Among the entries that follow, the required portion opens with the line containing "Nike Zoom Vomero" and closes with the line containing "2.5kg Jumbo Non Woven Blanket Bag". Give that portion again exactly, and nothing else.

◆ **Task inputs**
□ □ □ □
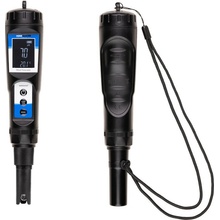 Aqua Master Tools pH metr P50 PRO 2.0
□ □ □ □
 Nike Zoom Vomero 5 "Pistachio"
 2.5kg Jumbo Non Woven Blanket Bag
□ □ □ □
◆ **Result**
 Nike Zoom Vomero 5 "Pistachio"
 2.5kg Jumbo Non Woven Blanket Bag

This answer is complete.